◆ **What you need to do**
The line containing "a mailroom with" marks the end; write out exactly every line from the start of the data up to and including it, without the pictures.

◆ **Image-text web data**
━━━━━━━━━━
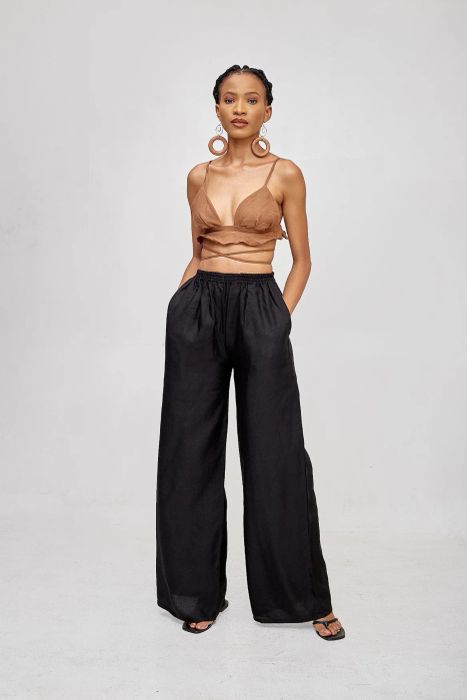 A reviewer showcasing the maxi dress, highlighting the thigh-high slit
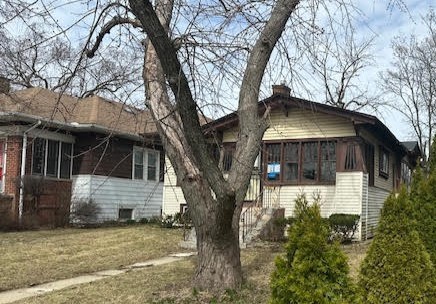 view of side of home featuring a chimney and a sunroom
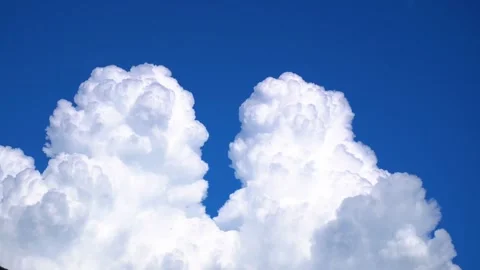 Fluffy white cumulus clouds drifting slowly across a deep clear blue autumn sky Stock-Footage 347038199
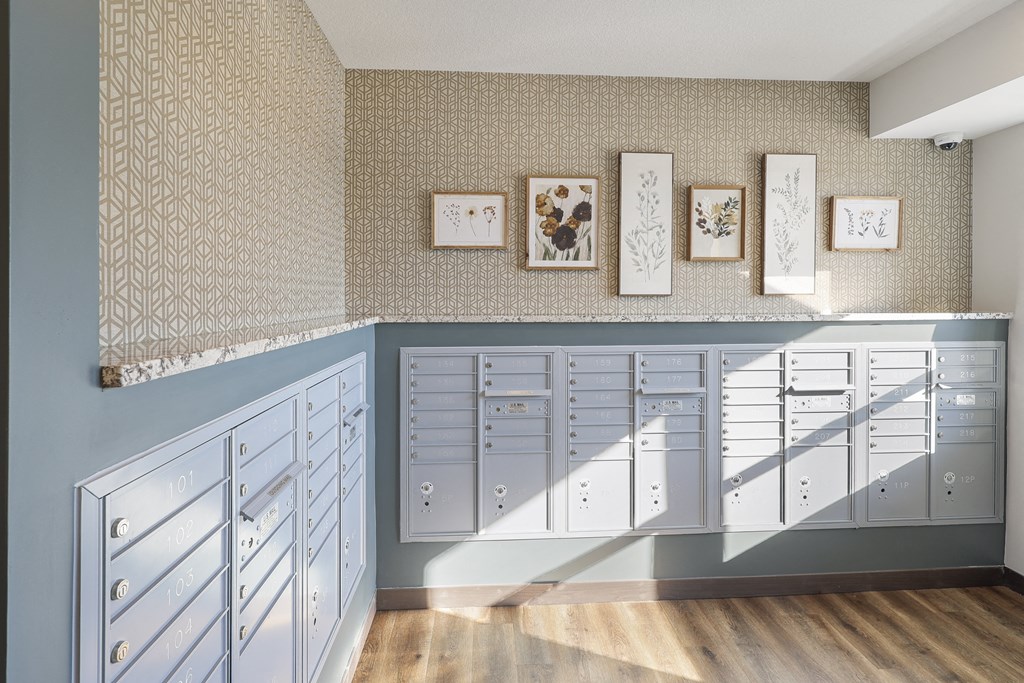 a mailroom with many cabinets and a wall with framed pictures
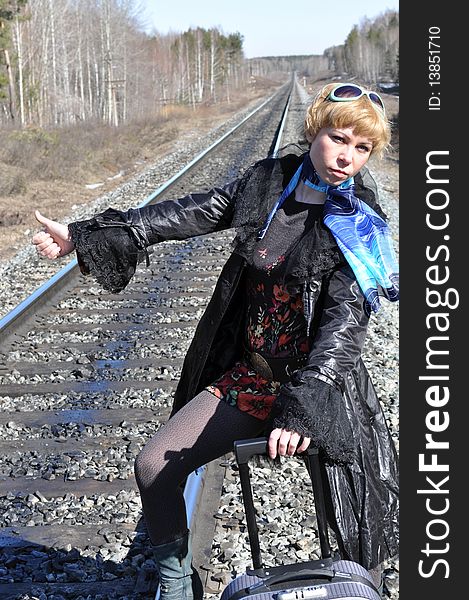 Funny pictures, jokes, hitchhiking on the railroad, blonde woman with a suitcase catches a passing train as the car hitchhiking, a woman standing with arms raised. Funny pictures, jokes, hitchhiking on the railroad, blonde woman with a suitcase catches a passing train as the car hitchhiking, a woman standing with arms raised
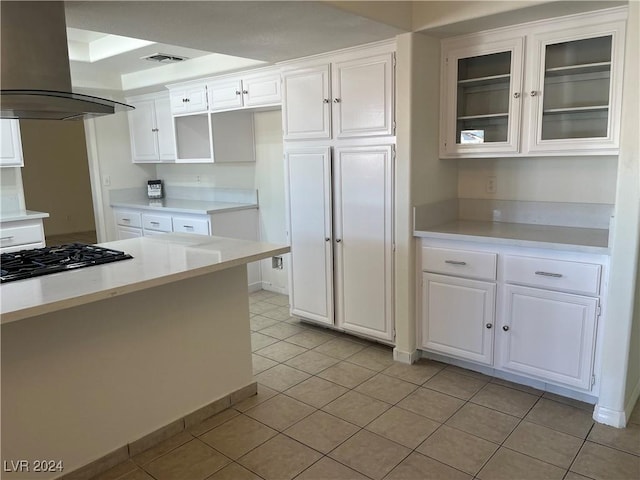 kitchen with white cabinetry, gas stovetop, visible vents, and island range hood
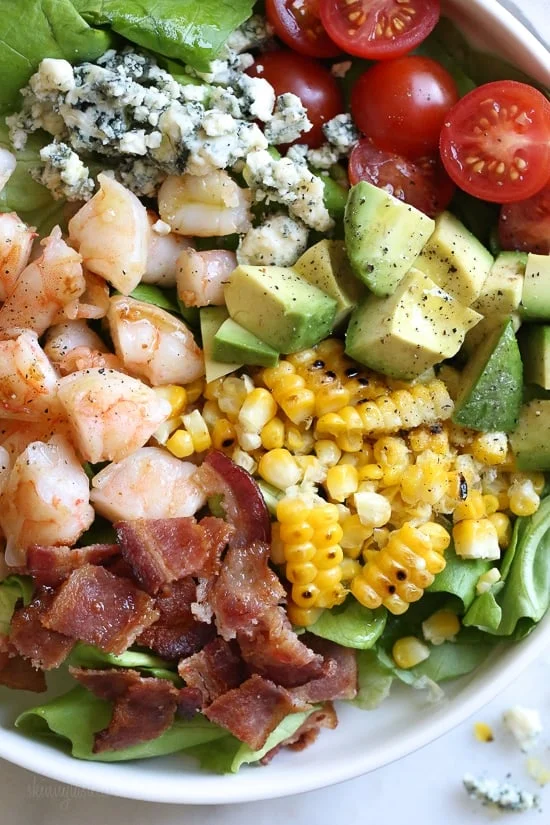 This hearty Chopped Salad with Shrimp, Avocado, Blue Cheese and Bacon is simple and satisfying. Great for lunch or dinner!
━━━━━━━━━━
◆ **Output**
 A reviewer showcasing the maxi dress, highlighting the thigh-high slit
 view of side of home featuring a chimney and a sunroom
 Fluffy white cumulus clouds drifting slowly across a deep clear blue autumn sky Stock-Footage 347038199
 a mailroom with many cabinets and a wall with framed pictures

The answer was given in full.